Task input
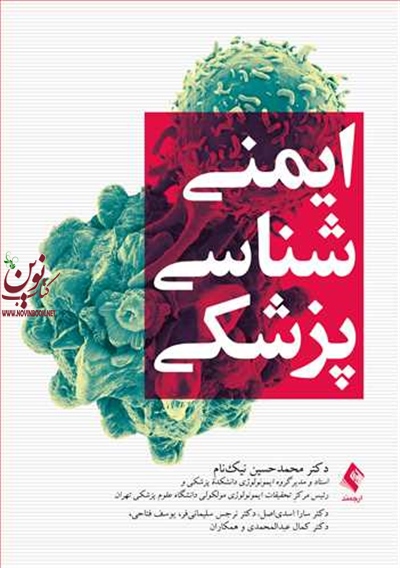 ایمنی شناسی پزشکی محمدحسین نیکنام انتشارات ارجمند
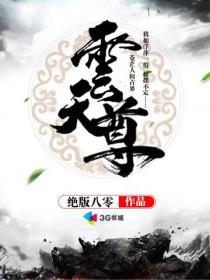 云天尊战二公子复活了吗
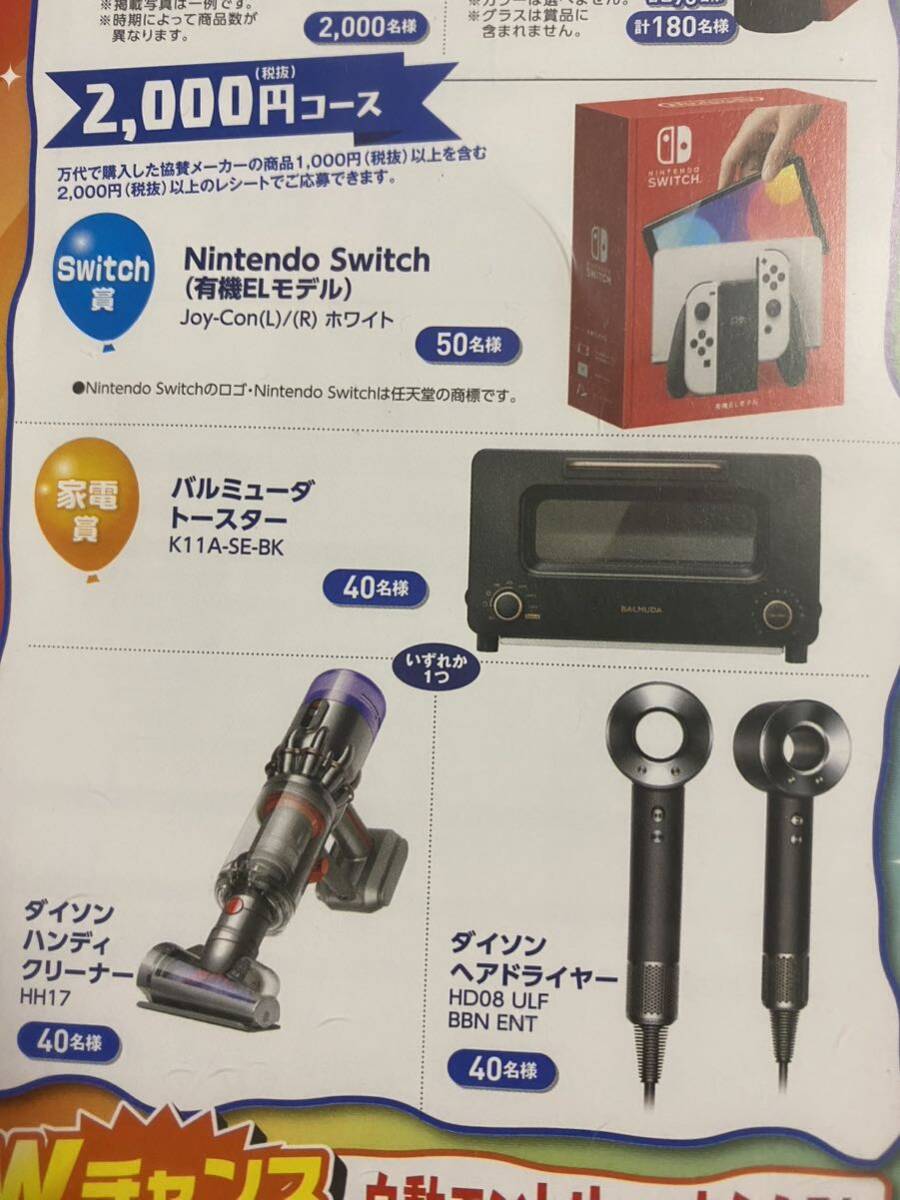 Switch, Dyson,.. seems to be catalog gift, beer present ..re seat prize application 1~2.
...
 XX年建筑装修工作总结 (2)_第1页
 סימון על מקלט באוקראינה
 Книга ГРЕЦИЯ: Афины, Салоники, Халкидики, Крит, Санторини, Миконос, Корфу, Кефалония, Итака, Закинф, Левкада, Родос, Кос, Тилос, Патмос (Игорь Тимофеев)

Exercise details
In the listing above, find the line containing "云天尊战二公子复活了吗". Output it and every line after it up to and including the line containing "Switch, Dyson,.. seems", exactly, but skip the pictures.

Answer for the task
 云天尊战二公子复活了吗
 Switch, Dyson,.. seems to be catalog gift, beer present ..re seat prize application 1~2.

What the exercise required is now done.